With the Supreme Court (SC) of India having ordered to demolish four apartment complexes situated in the locality of Maradu in Kerala’s Ernakulam district, for violating the Coastal Regulation Zone (CRZ) norms, questions have arisen as to whether other buildings which have been found to have violated the said norms, will meet the same fate.
Over 334 apartments consisting of over 2,000 residents residing in the four apartment complexes of Jains Coral Cove, Golden Kayaloram, H20 Holy Faith and Alfa Serene in Maradu, were asked to vacate their homes before September 15 as the SC has ordered for the demolition of these buildings on September 20. However, the residents have refused to vacate and have been protesting for more than a week against the SC order.

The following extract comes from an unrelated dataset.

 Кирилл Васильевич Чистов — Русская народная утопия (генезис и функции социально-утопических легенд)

Addressing the media after meeting the protesting residents in Ernakulam, state Opposition leader Ramesh Chennithala on September 14 had questioned whether there are different laws for different builders. The Congress leader was speaking about the instances were various builders who were found to have flouted environmental norms were let off by the SC after asking them to pay a huge fine as penalty. “Illegal constructions by various builders in the past were regularised by asking them to pay a fine. Why can’t we do something like that here as well? Is there a separate law for different builders here?” he had asked.

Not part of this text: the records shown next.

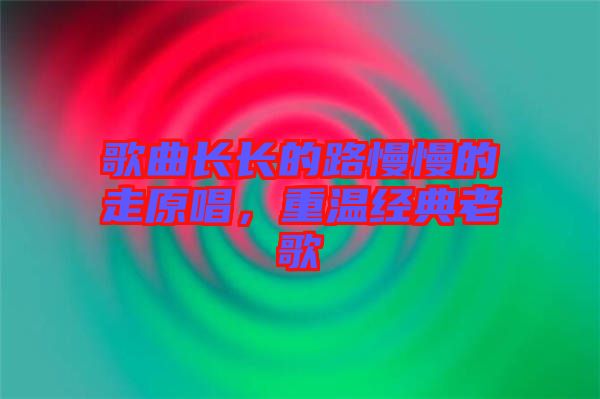 歌曲長長的路慢慢的走原唱，重溫經(jīng)典老歌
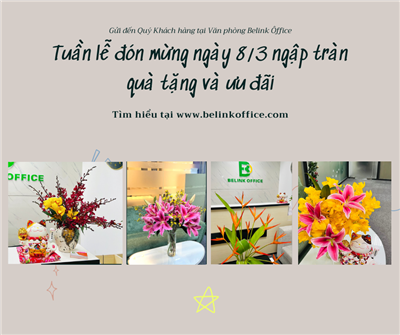 𝐌𝐮̛̀𝐧𝐠 𝐪𝐮𝐨̂́𝐜 𝐭𝐞̂́ 𝟖/𝟑 - 𝐓𝐫𝐢 𝐚̂𝐧 𝐤𝐡𝐚́𝐜𝐡 𝐡𝐚̀𝐧𝐠 𝐭𝐡𝐚̂𝐧 𝐭𝐡𝐢𝐞̂́𝐭 𝐂𝐮̉𝐚 Belink Office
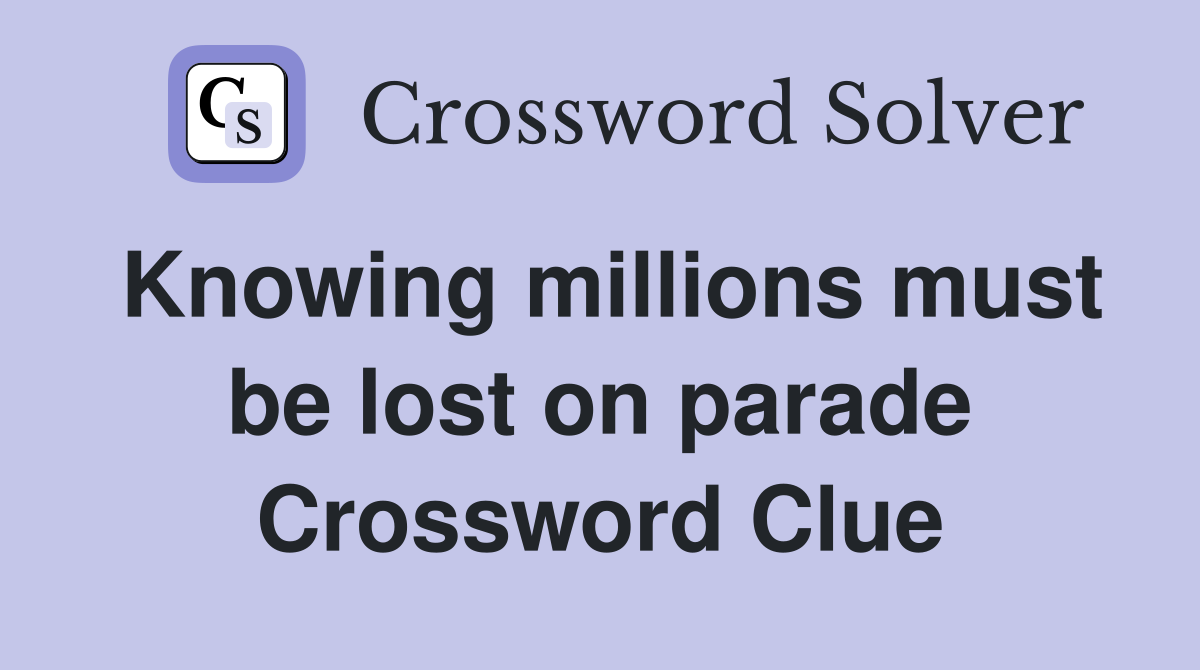 Knowing millions must be lost on parade Crossword Clue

The demolition order of the apartments in Maradu has opened a can of worms regarding the construction of various other buildings which are also under the scanner for flouting environmental norms.
On September 15, Harish Vasudevan, a Kochi based lawyer and environmental activist took to Facebook to point out that the demolition of the apartment complexes will not bring to an end the number of buildings constructed in eco-sensitive areas. He went on to cite the example of an apartment located in Marine Drive, alleging that the building was constructed without obtaining environmental clearance.
The lawyer states that in 2015, the Ministry of Environment and Forests had put forth two conditions in its order for a building to obtain environmental clearance — The building should be constructed at least 200 metres away from a lake and it should not be constructed with more than a height of 60 metres.
“Anyone who passes through this apartment located near the Goshree bridge in Ernakulam will understand there is not even a distance of 50 metres from the lake to the apartment,” points out Harish.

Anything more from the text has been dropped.